Exercise input ▸
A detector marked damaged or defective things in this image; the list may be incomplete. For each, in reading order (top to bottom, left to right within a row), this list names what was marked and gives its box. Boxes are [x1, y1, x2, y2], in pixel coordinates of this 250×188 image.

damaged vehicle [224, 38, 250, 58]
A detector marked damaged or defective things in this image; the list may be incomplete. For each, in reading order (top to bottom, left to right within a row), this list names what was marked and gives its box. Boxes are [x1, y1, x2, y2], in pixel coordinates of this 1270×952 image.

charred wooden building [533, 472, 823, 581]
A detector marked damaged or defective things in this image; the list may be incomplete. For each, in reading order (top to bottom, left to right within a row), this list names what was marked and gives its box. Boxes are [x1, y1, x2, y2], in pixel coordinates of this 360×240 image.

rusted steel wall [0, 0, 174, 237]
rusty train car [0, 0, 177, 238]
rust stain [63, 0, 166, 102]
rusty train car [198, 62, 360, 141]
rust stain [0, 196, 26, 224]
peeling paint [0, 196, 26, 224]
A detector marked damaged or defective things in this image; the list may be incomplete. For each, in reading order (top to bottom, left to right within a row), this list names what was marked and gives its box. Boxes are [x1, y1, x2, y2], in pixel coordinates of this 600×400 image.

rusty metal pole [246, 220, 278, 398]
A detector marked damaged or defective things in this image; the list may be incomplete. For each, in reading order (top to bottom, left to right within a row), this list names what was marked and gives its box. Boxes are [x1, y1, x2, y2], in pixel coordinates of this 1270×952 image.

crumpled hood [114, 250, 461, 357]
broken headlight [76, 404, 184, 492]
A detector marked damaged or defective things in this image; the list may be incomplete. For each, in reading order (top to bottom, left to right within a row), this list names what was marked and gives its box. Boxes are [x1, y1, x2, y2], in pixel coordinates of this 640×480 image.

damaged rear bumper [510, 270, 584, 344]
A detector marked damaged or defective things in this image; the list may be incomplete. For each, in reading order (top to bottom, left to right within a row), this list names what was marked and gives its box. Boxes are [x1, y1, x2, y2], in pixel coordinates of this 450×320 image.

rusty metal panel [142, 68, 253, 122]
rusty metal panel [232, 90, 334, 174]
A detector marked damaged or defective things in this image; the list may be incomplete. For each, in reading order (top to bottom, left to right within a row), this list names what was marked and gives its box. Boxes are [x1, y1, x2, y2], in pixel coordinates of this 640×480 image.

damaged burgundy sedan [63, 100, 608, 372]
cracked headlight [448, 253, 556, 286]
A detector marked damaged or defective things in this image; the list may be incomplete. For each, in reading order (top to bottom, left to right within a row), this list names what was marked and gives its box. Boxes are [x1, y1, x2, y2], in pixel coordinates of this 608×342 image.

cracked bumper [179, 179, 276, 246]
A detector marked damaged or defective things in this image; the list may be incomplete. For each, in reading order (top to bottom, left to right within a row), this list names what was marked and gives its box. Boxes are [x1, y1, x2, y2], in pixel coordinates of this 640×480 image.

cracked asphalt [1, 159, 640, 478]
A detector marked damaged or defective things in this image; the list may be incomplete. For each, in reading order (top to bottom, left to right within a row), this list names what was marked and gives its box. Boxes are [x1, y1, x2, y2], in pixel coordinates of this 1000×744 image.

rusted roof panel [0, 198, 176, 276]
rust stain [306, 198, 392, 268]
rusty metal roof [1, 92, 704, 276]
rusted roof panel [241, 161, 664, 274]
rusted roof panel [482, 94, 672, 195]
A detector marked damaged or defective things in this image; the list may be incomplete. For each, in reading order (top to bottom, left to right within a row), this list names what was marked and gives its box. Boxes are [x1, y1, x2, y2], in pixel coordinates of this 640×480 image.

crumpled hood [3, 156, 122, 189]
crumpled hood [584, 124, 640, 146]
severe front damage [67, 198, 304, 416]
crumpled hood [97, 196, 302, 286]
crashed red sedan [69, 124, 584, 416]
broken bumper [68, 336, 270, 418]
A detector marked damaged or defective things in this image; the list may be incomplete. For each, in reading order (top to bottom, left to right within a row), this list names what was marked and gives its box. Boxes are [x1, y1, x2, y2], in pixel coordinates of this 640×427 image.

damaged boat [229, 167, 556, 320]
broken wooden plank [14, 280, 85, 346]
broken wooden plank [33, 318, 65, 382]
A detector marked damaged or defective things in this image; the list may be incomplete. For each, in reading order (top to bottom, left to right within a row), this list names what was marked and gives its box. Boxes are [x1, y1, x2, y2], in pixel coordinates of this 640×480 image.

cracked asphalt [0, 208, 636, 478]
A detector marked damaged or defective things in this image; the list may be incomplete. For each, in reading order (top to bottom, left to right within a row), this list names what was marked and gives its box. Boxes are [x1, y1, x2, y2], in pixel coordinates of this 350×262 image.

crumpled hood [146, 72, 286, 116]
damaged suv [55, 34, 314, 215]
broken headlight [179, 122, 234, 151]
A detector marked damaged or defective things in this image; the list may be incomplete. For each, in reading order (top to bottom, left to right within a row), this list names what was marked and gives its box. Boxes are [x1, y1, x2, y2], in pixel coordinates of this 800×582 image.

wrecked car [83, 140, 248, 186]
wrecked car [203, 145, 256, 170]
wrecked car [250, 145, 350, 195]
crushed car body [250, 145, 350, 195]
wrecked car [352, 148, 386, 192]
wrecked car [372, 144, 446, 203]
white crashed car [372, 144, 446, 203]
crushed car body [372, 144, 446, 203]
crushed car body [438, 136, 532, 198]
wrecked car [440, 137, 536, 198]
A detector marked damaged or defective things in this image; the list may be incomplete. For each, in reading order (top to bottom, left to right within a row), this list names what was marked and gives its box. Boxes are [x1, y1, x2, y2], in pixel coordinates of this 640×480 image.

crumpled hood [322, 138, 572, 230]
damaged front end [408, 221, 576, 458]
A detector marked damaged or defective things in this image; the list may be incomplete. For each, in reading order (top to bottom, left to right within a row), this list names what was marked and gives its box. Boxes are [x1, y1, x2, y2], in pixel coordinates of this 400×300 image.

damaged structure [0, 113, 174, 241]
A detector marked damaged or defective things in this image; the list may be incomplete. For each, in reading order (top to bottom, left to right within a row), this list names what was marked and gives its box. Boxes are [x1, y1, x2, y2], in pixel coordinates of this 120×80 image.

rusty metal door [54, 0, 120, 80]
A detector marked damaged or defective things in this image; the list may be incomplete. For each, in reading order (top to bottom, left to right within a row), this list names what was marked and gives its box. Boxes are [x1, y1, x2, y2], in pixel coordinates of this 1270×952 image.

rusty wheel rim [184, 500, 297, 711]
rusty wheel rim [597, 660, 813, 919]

Action item ▸
Repeat each of the records exactly as written.

Solution for this exercise ▸
A detector marked damaged or defective things in this image; the list may be incomplete. For each, in reading order (top to bottom, left to right within a row), this list names what was marked and gives its box. Boxes are [x1, y1, x2, y2], in pixel coordinates of this 250×188 image.

damaged vehicle [224, 38, 250, 58]
A detector marked damaged or defective things in this image; the list may be incomplete. For each, in reading order (top to bottom, left to right within a row), this list names what was marked and gives its box. Boxes are [x1, y1, x2, y2], in pixel coordinates of this 1270×952 image.

charred wooden building [533, 472, 823, 581]
A detector marked damaged or defective things in this image; the list may be incomplete. For each, in reading order (top to bottom, left to right within a row), this list names what was marked and gives its box. Boxes are [x1, y1, x2, y2], in pixel coordinates of this 360×240 image.

rusted steel wall [0, 0, 174, 237]
rusty train car [0, 0, 177, 238]
rust stain [63, 0, 166, 102]
rusty train car [198, 62, 360, 141]
rust stain [0, 196, 26, 224]
peeling paint [0, 196, 26, 224]
A detector marked damaged or defective things in this image; the list may be incomplete. For each, in reading order (top to bottom, left to right within a row), this list names what was marked and gives its box. Boxes are [x1, y1, x2, y2], in pixel coordinates of this 600×400 image.

rusty metal pole [246, 220, 278, 398]
A detector marked damaged or defective things in this image; the list may be incomplete. For each, in reading order (top to bottom, left to right within a row), this list names what was marked and gives its box. Boxes are [x1, y1, x2, y2], in pixel coordinates of this 1270×952 image.

crumpled hood [114, 250, 461, 357]
broken headlight [76, 404, 184, 492]
A detector marked damaged or defective things in this image; the list may be incomplete. For each, in reading order (top to bottom, left to right within a row), this list names what was marked and gives its box. Boxes are [x1, y1, x2, y2], in pixel coordinates of this 640×480 image.

damaged rear bumper [510, 270, 584, 344]
A detector marked damaged or defective things in this image; the list may be incomplete. For each, in reading order (top to bottom, left to right within a row), this list names what was marked and gives its box. Boxes are [x1, y1, x2, y2], in pixel coordinates of this 450×320 image.

rusty metal panel [142, 68, 253, 122]
rusty metal panel [232, 90, 334, 174]
A detector marked damaged or defective things in this image; the list may be incomplete. For each, in reading order (top to bottom, left to right within a row), this list names what was marked and gives its box. Boxes are [x1, y1, x2, y2], in pixel coordinates of this 640×480 image.

damaged burgundy sedan [63, 100, 608, 372]
cracked headlight [448, 253, 556, 286]
A detector marked damaged or defective things in this image; the list may be incomplete. For each, in reading order (top to bottom, left to right within a row), this list names what was marked and gives its box. Boxes are [x1, y1, x2, y2], in pixel coordinates of this 608×342 image.

cracked bumper [179, 179, 276, 246]
A detector marked damaged or defective things in this image; the list may be incomplete. For each, in reading order (top to bottom, left to right within a row), this list names what was marked and gives its box. Boxes are [x1, y1, x2, y2], in pixel coordinates of this 640×480 image.

cracked asphalt [1, 159, 640, 478]
A detector marked damaged or defective things in this image; the list may be incomplete. For each, in reading order (top to bottom, left to right within a row), this list names what was marked and gives its box. Boxes are [x1, y1, x2, y2], in pixel coordinates of this 1000×744 image.

rusted roof panel [0, 198, 176, 276]
rust stain [306, 198, 392, 268]
rusty metal roof [1, 92, 704, 276]
rusted roof panel [241, 161, 664, 274]
rusted roof panel [482, 94, 672, 195]
A detector marked damaged or defective things in this image; the list may be incomplete. For each, in reading order (top to bottom, left to right within a row), this list names what was marked and gives its box. Boxes are [x1, y1, x2, y2], in pixel coordinates of this 640×480 image.

crumpled hood [3, 156, 122, 189]
crumpled hood [584, 124, 640, 146]
severe front damage [67, 198, 304, 416]
crumpled hood [97, 196, 302, 286]
crashed red sedan [69, 124, 584, 416]
broken bumper [68, 336, 270, 418]
A detector marked damaged or defective things in this image; the list may be incomplete. For each, in reading order (top to bottom, left to right within a row), this list names what was marked and gives its box. Boxes are [x1, y1, x2, y2], in pixel coordinates of this 640×427 image.

damaged boat [229, 167, 556, 320]
broken wooden plank [14, 280, 85, 346]
broken wooden plank [33, 318, 65, 382]
A detector marked damaged or defective things in this image; the list may be incomplete. For each, in reading order (top to bottom, left to right within a row), this list names what was marked and gives its box. Boxes are [x1, y1, x2, y2], in pixel coordinates of this 640×480 image.

cracked asphalt [0, 208, 636, 478]
A detector marked damaged or defective things in this image; the list may be incomplete. For each, in reading order (top to bottom, left to right within a row), this list names what was marked and gives its box. Boxes are [x1, y1, x2, y2], in pixel coordinates of this 350×262 image.

crumpled hood [146, 72, 286, 116]
damaged suv [55, 34, 314, 215]
broken headlight [179, 122, 234, 151]
A detector marked damaged or defective things in this image; the list may be incomplete. For each, in reading order (top to bottom, left to right within a row), this list names what was marked and gives its box. Boxes are [x1, y1, x2, y2], in pixel coordinates of this 800×582 image.

wrecked car [83, 140, 248, 186]
wrecked car [203, 145, 256, 170]
wrecked car [250, 145, 350, 195]
crushed car body [250, 145, 350, 195]
wrecked car [352, 148, 386, 192]
wrecked car [372, 144, 446, 203]
white crashed car [372, 144, 446, 203]
crushed car body [372, 144, 446, 203]
crushed car body [438, 136, 532, 198]
wrecked car [440, 137, 536, 198]
A detector marked damaged or defective things in this image; the list may be incomplete. For each, in reading order (top to bottom, left to right within a row), this list names what was marked and gives its box. Boxes are [x1, y1, x2, y2], in pixel coordinates of this 640×480 image.

crumpled hood [322, 138, 572, 230]
damaged front end [408, 221, 576, 458]
A detector marked damaged or defective things in this image; the list may be incomplete. For each, in reading order (top to bottom, left to right within a row), this list names what was marked and gives its box. Boxes are [x1, y1, x2, y2], in pixel coordinates of this 400×300 image.

damaged structure [0, 113, 174, 241]
A detector marked damaged or defective things in this image; the list may be incomplete. For each, in reading order (top to bottom, left to right within a row), this list names what was marked and gives its box. Boxes are [x1, y1, x2, y2], in pixel coordinates of this 120×80 image.

rusty metal door [54, 0, 120, 80]
A detector marked damaged or defective things in this image; the list may be incomplete. For each, in reading order (top to bottom, left to right within a row), this list names what was marked and gives its box. Boxes are [x1, y1, x2, y2], in pixel coordinates of this 1270×952 image.

rusty wheel rim [184, 500, 297, 711]
rusty wheel rim [597, 660, 813, 919]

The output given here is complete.